JMV: Not a generative error, if bit rate is too low, would still get
same/similar error.
KW: Fargan trained in adverserial fashion
JMV: Small adverserial component. Mostly due to feature quantization.
"G" vs "D" pitch voicing got quantized too coarselyu
MZ: Not going to see hallucinations between yes and no. Things that may
be close, "can" or "can't" could be close enough.
JMV: Get those confusions even without a codec. Have variable bit rate
within the redundancy packate to maximize . Entirely deterministic
quantization issues.
KW:
JMV: Compare pure PLC and OPUS, feature predictor is not generative -
predictable. Vocoder synthesizes what is has been told to synthesisze.
?: Intelligibility problems.
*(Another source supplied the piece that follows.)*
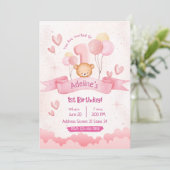 キッズパステルピンクキュート1st誕生日招待状 招待状 (スタンド正面)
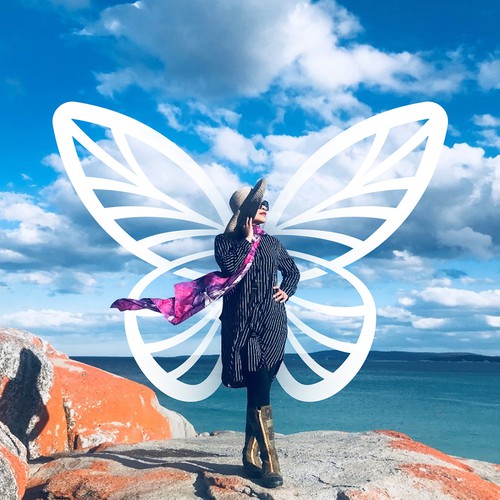 Woman design with the title 'Feminine and sophisticated logo for a line of luxurious hand painted women's fashion accessories.'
Would be interesting to compare with
FARGAN.
JMV: Not observed this with FARGAN. Impact of adverserial training is
small. Gives a good vocoder.
Jan Buethe: Very hard to translate approach to what would happen when
using DRED. Very low bitrate is used rarely. Results are interesting
though. For communication, absolute category rating might be more
applicable.
LL: Agree, providing tools to help improve and point out difficulties.
JB: "Teest Battery"
LL: Methods to compare new codecs. Provide new tools, not a pass or fail
tests for codecs. Looking for input.
JB: Hard to put things in linear order.
LL: Always tradeoffs.
Jonathan Lennox: How coarse
JMV: Even at 2Kb the quantizer introduces more error than the vocoder.
JMV: Could do other bit rates, but defeats purpose of redundancy.
KW: Thought stand alone maybe useful if
How do you compare if have reached a similar level of quality. Packet
loss scenarios are the next thing want to examine and setings to use in
such tests.
LL: Let us know if have other codecs to evaluate.
JMV: What is the purpose of the document? Do you want it to go through
IETF process? Characterization of DRED?
LL: Not decided yet. Not expecting a forced requirement. A
recommendation. Tools for people to use.
MZ: Interesting independent evaluation. Does not need a new charter
item. But interesting work. Informing other work. Not a WG deliverable.
JMV: Could be a section in the DRED document.
?: DRED document is not normative on behavior.
Yusuf Isik: These test vector based assesment might not be sufficient.
Still gives responsibility on researcher to evaluate. If using a cloud
sourcing platform, different groups may have trouble reproducing the
work.
MZ: Binary tess in test vectors. This work helps qualitative
improvements.
JMV: They have orthogonal goals.
LL: Input on specifics for packet loss testing.